Could you copy the data that follows exactly as written, but drop the pictures?

• AVAILABLE DATA:
--- --- ---
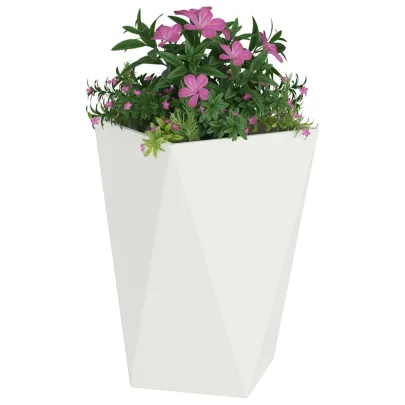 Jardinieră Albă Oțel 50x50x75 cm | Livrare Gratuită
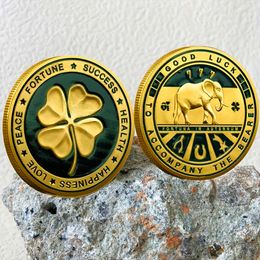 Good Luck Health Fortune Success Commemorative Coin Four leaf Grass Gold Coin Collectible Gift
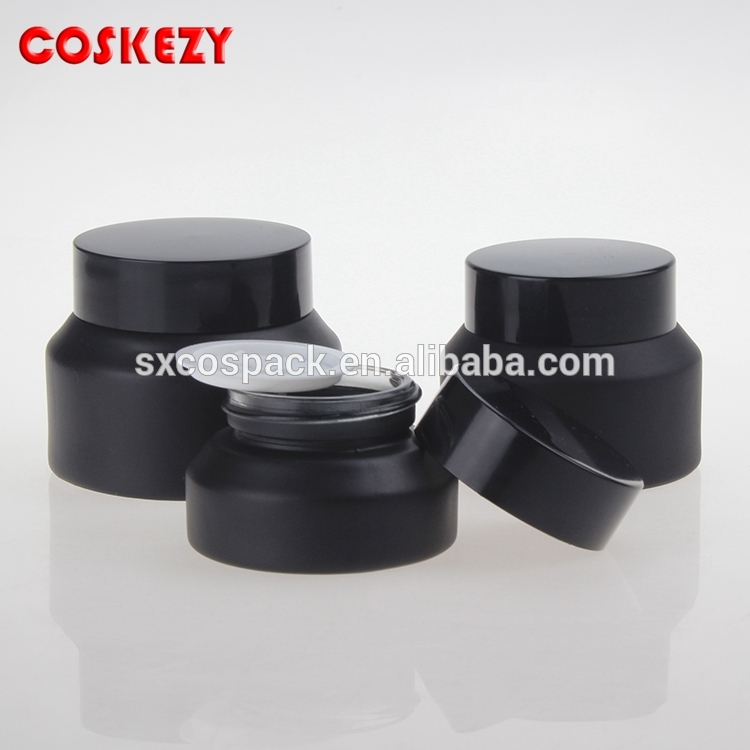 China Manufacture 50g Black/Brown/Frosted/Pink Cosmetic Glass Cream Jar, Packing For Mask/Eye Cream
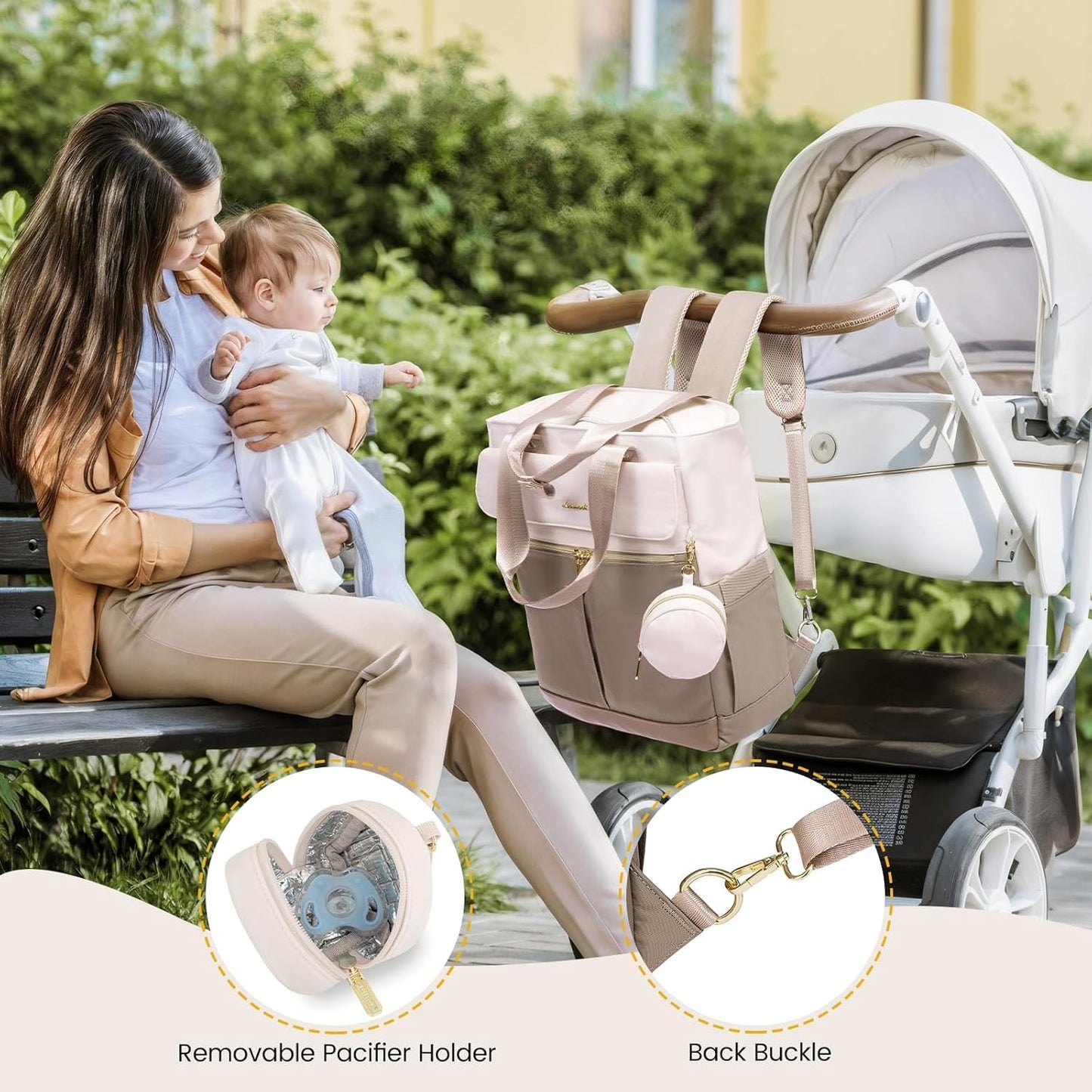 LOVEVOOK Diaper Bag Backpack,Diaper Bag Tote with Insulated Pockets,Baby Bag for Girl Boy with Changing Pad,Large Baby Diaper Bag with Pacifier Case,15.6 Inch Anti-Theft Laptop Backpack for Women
--- --- ---
• OUTPUT FOR THIS EXERCISE:
 Jardinieră Albă Oțel 50x50x75 cm | Livrare Gratuită
 Good Luck Health Fortune Success Commemorative Coin Four leaf Grass Gold Coin Collectible Gift
 China Manufacture 50g Black/Brown/Frosted/Pink Cosmetic Glass Cream Jar, Packing For Mask/Eye Cream
 LOVEVOOK Diaper Bag Backpack,Diaper Bag Tote with Insulated Pockets,Baby Bag for Girl Boy with Changing Pad,Large Baby Diaper Bag with Pacifier Case,15.6 Inch Anti-Theft Laptop Backpack for Women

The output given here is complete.